Modeling

Design Philosophy

We live in exciting times for NLP and see new publications on language models, adaptation strategies and down-stream applications on a weekly base. However, keeping track with recent developments is not easy. Switching between pretrained models or adaptation strategies is not easy in practice, since most researchers publish their models in individual repos and not always have the desired down-stream tasks implemented.
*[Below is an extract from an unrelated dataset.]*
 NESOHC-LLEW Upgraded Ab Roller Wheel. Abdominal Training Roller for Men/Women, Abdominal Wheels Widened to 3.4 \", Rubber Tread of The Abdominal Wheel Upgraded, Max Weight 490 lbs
FARM offer’s a more flexible and general approach of transfer learning by abstracting from the underlying pretrained language models and their prediction head. With FARM you can stick together any pretrained language model (BERT, XLNet or whatever comes next) with one or multiple prediction heads (NER, Doc classification …) to form an AdaptiveModel. This allows you a fast and easy comparison between different language models and simplifies changes in your production system, if you want to migrate to a new model.

Building Blocks

FARM Adaptive Model

1. Language Model

  • Standardized parent class for all language models out there (BERT, XLNet …).

  • A pretrained language model converts tokens to vector representations

2. Prediction Head

  • Standardized parent class for all types of down-stream tasks (NER, Text classification, QA …).

  • A prediction head retrieves vector representations from the language model and converts them into down-stream predictions (e.g. class probabilities)

3. AdaptiveModel

  • Standardized parent class for end-to-end transfer learning models

  • Combines the language model with one or multiple prediction heads.

  • An AdaptiveModel 1) propagates the input to the language model, it’s output to the prediction head(s) and then consolidates the loss(es) / predictions. During training the loss is backpropagated through the entire neural network (incl. language model). We will soon provide further adaptation strategies here like Adapter Modules or Discriminative Finetuning.

All three classes provide standardized interfaces for all kinds of model functions like retrieving logits, loss or formatted predictions.